■ **What you need to do**
Would you set down the data below exactly as shown?

■ **Source data**
_ _ _

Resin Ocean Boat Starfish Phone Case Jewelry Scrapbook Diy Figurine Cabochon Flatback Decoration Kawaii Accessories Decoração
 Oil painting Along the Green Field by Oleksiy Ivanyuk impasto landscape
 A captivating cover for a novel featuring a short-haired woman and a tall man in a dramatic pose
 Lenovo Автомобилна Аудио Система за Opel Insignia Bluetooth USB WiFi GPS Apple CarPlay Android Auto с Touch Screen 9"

_ _ _

■ **Task output**
Resin Ocean Boat Starfish Phone Case Jewelry Scrapbook Diy Figurine Cabochon Flatback Decoration Kawaii Accessories Decoração
 Oil painting Along the Green Field by Oleksiy Ivanyuk impasto landscape
 A captivating cover for a novel featuring a short-haired woman and a tall man in a dramatic pose
 Lenovo Автомобилна Аудио Система за Opel Insignia Bluetooth USB WiFi GPS Apple CarPlay Android Auto с Touch Screen 9"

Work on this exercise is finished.